This exercise asks for every record to be output again exactly.

Collected data:
==============================

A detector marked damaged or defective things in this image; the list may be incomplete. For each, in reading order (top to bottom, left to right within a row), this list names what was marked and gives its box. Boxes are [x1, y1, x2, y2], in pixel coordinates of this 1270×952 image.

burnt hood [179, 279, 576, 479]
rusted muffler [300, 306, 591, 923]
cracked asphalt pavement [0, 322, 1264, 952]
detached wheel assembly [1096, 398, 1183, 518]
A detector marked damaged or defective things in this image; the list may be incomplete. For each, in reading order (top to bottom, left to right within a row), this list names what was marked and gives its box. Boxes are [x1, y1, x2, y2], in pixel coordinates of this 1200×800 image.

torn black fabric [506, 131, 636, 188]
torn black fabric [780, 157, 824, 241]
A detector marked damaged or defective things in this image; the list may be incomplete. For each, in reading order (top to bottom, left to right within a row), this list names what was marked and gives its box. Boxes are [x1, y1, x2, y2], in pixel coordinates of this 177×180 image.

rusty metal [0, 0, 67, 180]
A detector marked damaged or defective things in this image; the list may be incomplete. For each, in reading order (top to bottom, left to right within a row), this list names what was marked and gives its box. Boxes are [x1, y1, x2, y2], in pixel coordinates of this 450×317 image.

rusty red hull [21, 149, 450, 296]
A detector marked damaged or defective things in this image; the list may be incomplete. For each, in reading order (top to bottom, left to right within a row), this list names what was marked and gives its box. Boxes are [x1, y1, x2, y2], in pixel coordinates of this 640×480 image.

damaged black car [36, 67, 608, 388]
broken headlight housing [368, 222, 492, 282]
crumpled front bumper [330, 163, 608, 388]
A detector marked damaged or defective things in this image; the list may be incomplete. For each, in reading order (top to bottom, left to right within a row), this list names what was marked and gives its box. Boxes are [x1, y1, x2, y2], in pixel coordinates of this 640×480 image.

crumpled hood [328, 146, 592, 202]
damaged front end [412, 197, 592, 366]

==============================

WRITTEN REPLY:
A detector marked damaged or defective things in this image; the list may be incomplete. For each, in reading order (top to bottom, left to right within a row), this list names what was marked and gives its box. Boxes are [x1, y1, x2, y2], in pixel coordinates of this 1270×952 image.

burnt hood [179, 279, 576, 479]
rusted muffler [300, 306, 591, 923]
cracked asphalt pavement [0, 322, 1264, 952]
detached wheel assembly [1096, 398, 1183, 518]
A detector marked damaged or defective things in this image; the list may be incomplete. For each, in reading order (top to bottom, left to right within a row), this list names what was marked and gives its box. Boxes are [x1, y1, x2, y2], in pixel coordinates of this 1200×800 image.

torn black fabric [506, 131, 636, 188]
torn black fabric [780, 157, 824, 241]
A detector marked damaged or defective things in this image; the list may be incomplete. For each, in reading order (top to bottom, left to right within a row), this list names what was marked and gives its box. Boxes are [x1, y1, x2, y2], in pixel coordinates of this 177×180 image.

rusty metal [0, 0, 67, 180]
A detector marked damaged or defective things in this image; the list may be incomplete. For each, in reading order (top to bottom, left to right within a row), this list names what was marked and gives its box. Boxes are [x1, y1, x2, y2], in pixel coordinates of this 450×317 image.

rusty red hull [21, 149, 450, 296]
A detector marked damaged or defective things in this image; the list may be incomplete. For each, in reading order (top to bottom, left to right within a row), this list names what was marked and gives its box. Boxes are [x1, y1, x2, y2], in pixel coordinates of this 640×480 image.

damaged black car [36, 67, 608, 388]
broken headlight housing [368, 222, 492, 282]
crumpled front bumper [330, 163, 608, 388]
A detector marked damaged or defective things in this image; the list may be incomplete. For each, in reading order (top to bottom, left to right within a row), this list names what was marked and gives its box. Boxes are [x1, y1, x2, y2], in pixel coordinates of this 640×480 image.

crumpled hood [328, 146, 592, 202]
damaged front end [412, 197, 592, 366]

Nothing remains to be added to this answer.